La force du groupe
Une première prière qui fait changer de regard et de vie. Un discours sur la montagne qui a toujours du mal à passer mais qui finit par libérer de «l’incapacité à pardonner»: deux histoires de prison qui témoignent de la force que l’on trouve dans un groupe qui nous écoute.
Texte publié sur le blog de l’Aumônerie protestante des prisons.
«Avant, je ne pensais qu’à moi»
Début janvier, je me rends dans la cellule de Joris. Il se lève d’un seul bond de son lit et m’accueille chaleureusement: «Il faut que je vous dise ce qui m’est arrivé depuis le culte de Noël…».
Nous avions organisé un culte avec la participation d’une chorale Gospel très vivante. Deux choristes ont témoigné avoir frôlé la prison dans leur jeune âge et comment Dieu les avait repêchés in extremis. Beaucoup de détenus avaient été saisis par ce qu’ils avaient entendu. Joris était du lot:
«Je suis allé voir une des personnes présente et je lui ai parlé de mes soucis d’addictions multiples. Il m’a expliqué comment il a été délivré en demandant à Dieu de l’aider à se libérer. En remontant dans ma cellule je me suis dit: si ça a marché pour lui, pourquoi ça ne marcherait pas pour moi? Et j’ai prié pour la première fois de ma vie de manière sincère. Depuis, je n’ai plus touché une cigarette ni un joint, je n’en ai plus envie. Pourtant, j’ai commencé à me droguer à l’âge de 14 ans. J’en ai 28. Avant, je ne pensais qu’à moi, à mes affaires. Maintenant, je prie pour toute ma famille, ma fille, pour les personnes qui sont ici. Quand j’arrête de prier, je suis étonné car il y a une demi-heure ou trois quarts d’heure qui sont passés… Je n’ai pas vu passer le temps».
Je suis émerveillé par ce que Joris me dit, je l’encourage à témoigner lors de notre prochain groupe de partage. Le samedi suivant, Joris témoigne de ce qu’il a vécu. Tous sont unanimes: «Tu as vraiment une autre tête». Et les uns après les autres commencent à témoigner de ce qu’ils ont vécu ces derniers temps comme relation personnelle avec Dieu. Nous avons prié les uns pour les autres sans retenue. Un pur moment de grâce dont chacun est ressorti affermi. Le témoignage, la prière, ça marche!

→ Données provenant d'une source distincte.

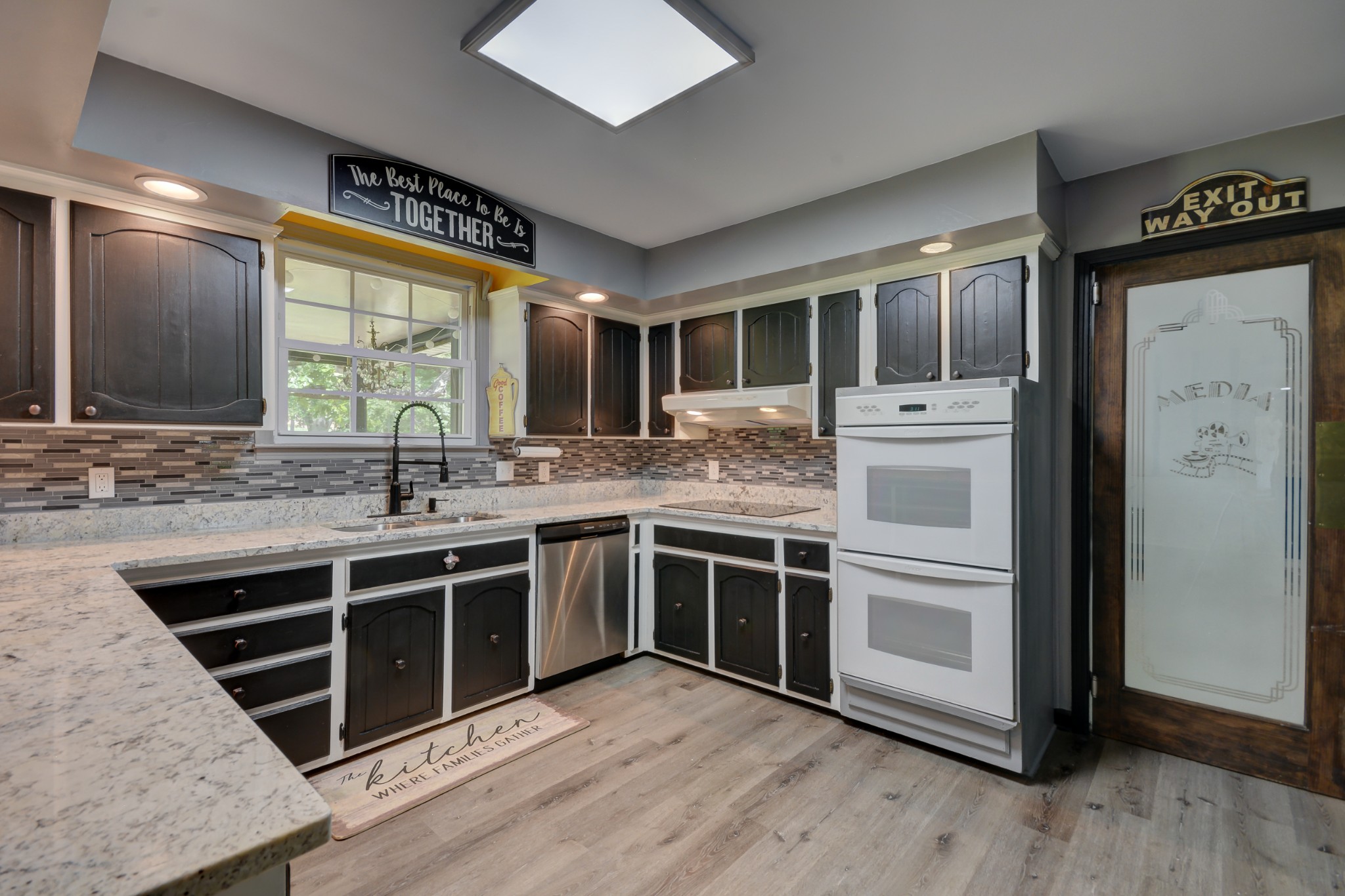 463 Walton Ferry Road Hendersonville, TN 37075 - Photo 15 of 37 a kitchen with stainless steel appliances granite countertop a stove and a sink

«Pourquoi Il nous demande cela?»
Depuis le mois d’avril, nous avons mis en place un groupe de partage au niveau du quartier femmes. Après un moment de chants et de prière, nous prenons un texte biblique afin de partager ensemble ce qu’un texte vieux de 2000 ans peut nous apporter aujourd’hui ici, en détention. Le texte que nous avons pris pour le dernier groupe de partage était Matthieu 5,43-48:
«Vous avez appris qu’il a été dit: Tu aimeras ton prochain et tu haïras ton ennemi.
Et moi, je vous dis: Aimez vos ennemis et priez pour ceux qui vous persécutent».
Après quelques instants de silence, les langues se délient:
«C’est difficile»,
«C’est impossible»,
«Pour quoi faire, aimer son ennemi?»,
«Ce serait bien d’y arriver… mais comment?»,
«Pourquoi Il nous demande cela?»
La discussion commence à prendre forme. Martine, joviale depuis le début de l’après midi, est restée silencieuse, fermée, le regard s’arrêtant à 30 centimètres devant elle. Tout à coup, tel un volcan dont la lave remonte doucement mais inexorablement du tréfonds de la terre, les dents serrées et d’une voix lente et déterminée elle se met à parler:
«Après tout ce qu’il m’a fait, je ne pourrai jamais lui pardonner: il m’a pourri ma vie. J’y pense jour et nuit».
Silence… Comment rebondir après ce déversement de souffrances, de haine et de vie brisée? Chacun va de son conseil pour atténuer cette douleur, cette violence reçu en pleine tête. Après avoir discuté sur les conséquences négatives de la haine sur sa vie nous sommes arrivés à la question:
«Tu ne peux pas pardonner, c’est compréhensible. Mais veux tu pardonner?».
«Oui, j’aimerais…»
Une autre détenue nous a dit, concernant sa situation:
«Il n’aura pas ma haine, je veux lui montrer que je suis plus forte intérieurement que mes sentiments».
La volonté de pardonner doit venir de l’homme mais la force de le faire ne peut venir que de Dieu seul. À la fin du groupe de partage, Martine s’est sentie libérée de cette incapacité à pouvoir pardonner mais elle a senti également sa responsabilité de vouloir pardonner.
Illustration: Réconciliation de Jacob et Esaü (Giovanni Battista Tiepolo, 1724-29, Palazzo Patriarcale, Udine).